A college commencement speaker in much demand since his book rocketed him to stardom, Middletown was his first high school graduation speech and it got to him emotionally.
“It’s a pretty special thing to do. It’s sort of amazing to think that 14 years ago I was graduating from Middletown High School and obviously quite a bit has happened,” said the 32-year-old who now lives in Columbus. He has formed Our Ohio Renewal, a nonprofit organization dedicated to bringing high-quality employment and educational opportunities to Ohioans and addressing the state’s destructive opioid crisis.
“I couldn’t help but to look at the kids and think to myself what will they be thinking about in 14 years? What will they have done? What will they have accomplished? It’s a pretty exciting opportunity to close that circle for me,” said Vance.
Vance has said he was surprised when his best-selling book was embraced as a primer for national political pundits leading up to — and especially after — last year’s presidential election. It proved popular as sort of a Rosetta Stone for the country’s news media in deciphering President Donald Trump’s support among America’s poor working class.

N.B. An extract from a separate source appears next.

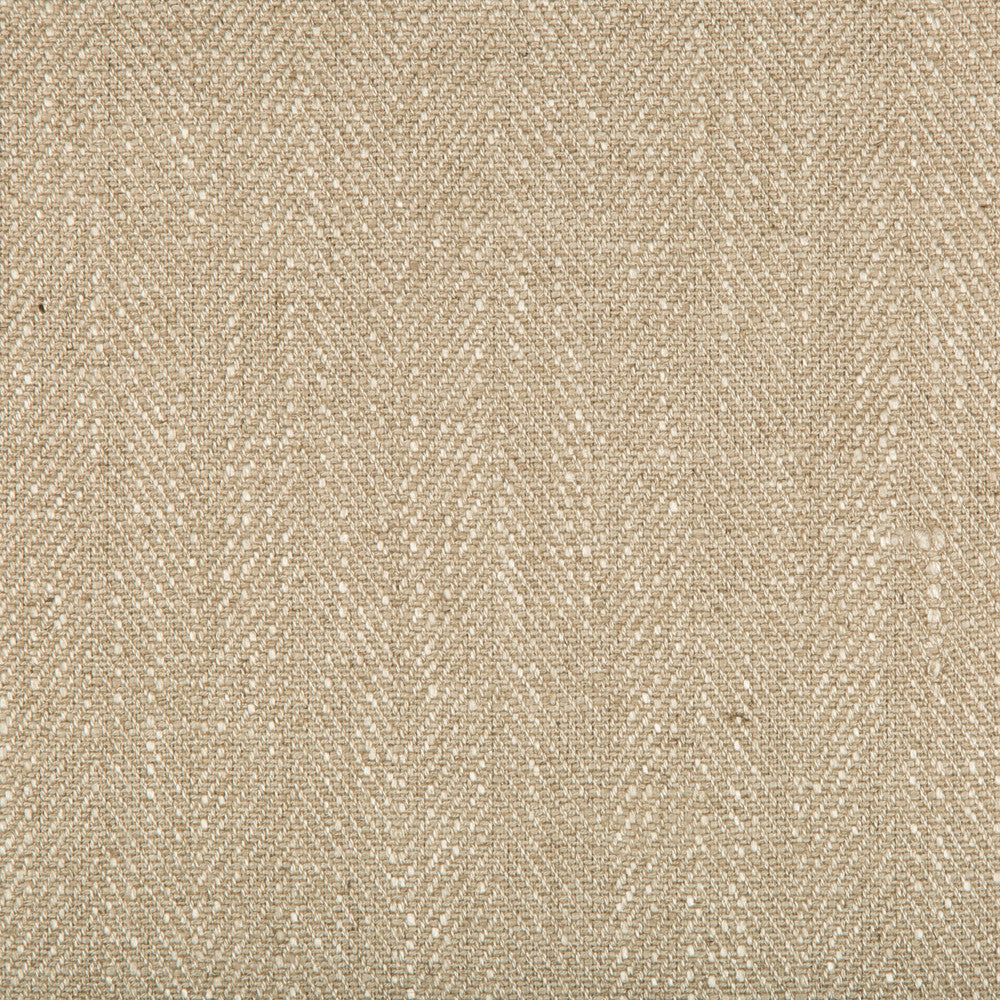 35348-1616 by Kravet Basics Fabric - VISCOSE - 67%;LINEN - 33% France HEAVY Horizontal: 0 and Vertical: 0 55 - Fabric Carolina -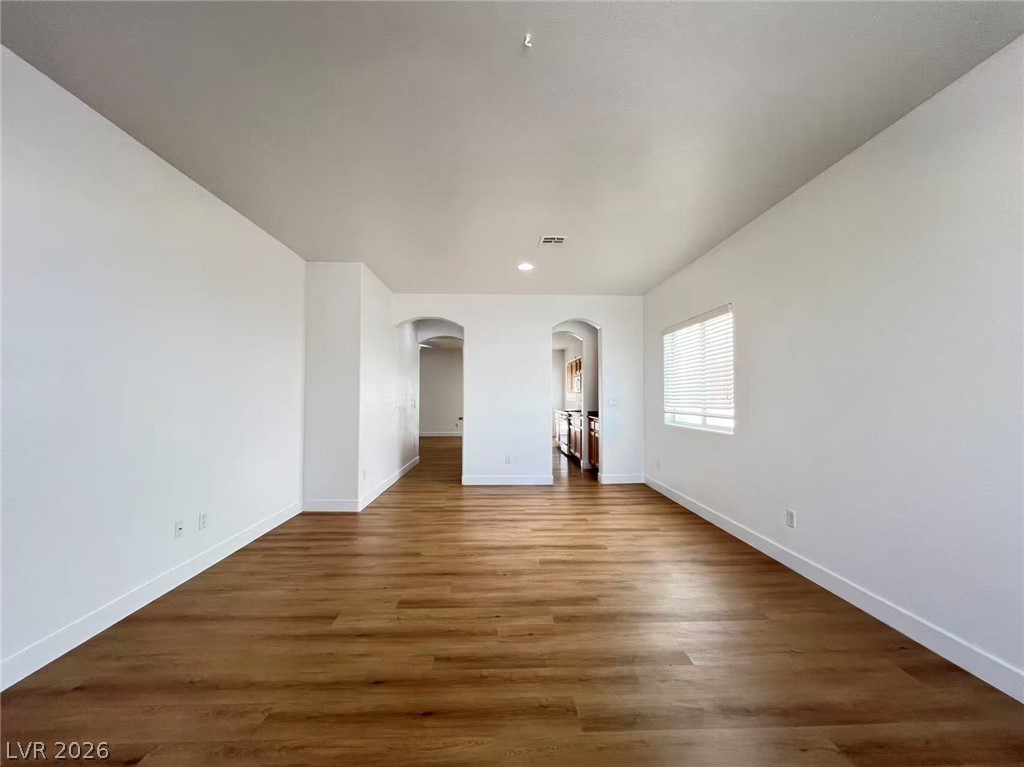 5121 First Sun Street Property Photo 2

Vance has since made the national TV media rounds, expanding on one of the book’s key themes: The controlling governmental, business, entertainment and academic elites of America have little if any understanding of the significant demographic composed of this often overlooked segment of our society.
Moreover, the divide continues.
Just last week at Vance’s former college — Yale University — Dean June Chu of the school’s Pierson College was placed on leave after posting Yelp reviews calling customers at local restaurants “white trash” and “low class folks,” according to media accounts.
Vance shook his head recalling the incident.
His years at Yale were marked by persistent reminders that his poor Appalachian roots made him an anomaly there.
“When I saw that story I just thought it is unfortunately an attitude that exists a little bit too much in elite institutions. This idea that people aren’t worthwhile (or) they are not good because of where they came from, or maybe because of their accent or their approach to thinking about the world,” he said.
“That’s one of the reasons I wrote the book, because I think that attitude is very real. And it’s unfortunately something I really do think drives a divide between educational institutions’ so-called elites and a lot of folks who are just working and trying to get by. I was pretty disappointed when I heard those remarks,” said Vance.
Though he understands the media’s focus on the darker sides of his memoir — and has freely discussed his own and his family’s personal challenges — Vance said there are other, more positive pieces to the puzzle of his life he wishes would get more attention.
He was wary of running into similar prejudice among the well-documented elitist attitudes of some in Hollywood.
He turned down other movie producers for those reasons until meeting with Howard, a two-time Academy Award-winning director, whom he said understood the importance of portraying key figures in his life story beyond a two-dimensional scale.
“I was definitely worried about that. But what I really liked about Ron Howard is that he seemed to take a really compassionate and a really sympathetic eye to the problems I wrote about,” Vance said.
He hopes some of the movie will be shot in Middletown.
Which Hollywood star does he want to play him?
“Chris Pratt,” he said, laughing in reference to the popular star of the recently released “Guardians of the Galaxy Vol. 2.” “So people will think I’m better looking than I actually am.”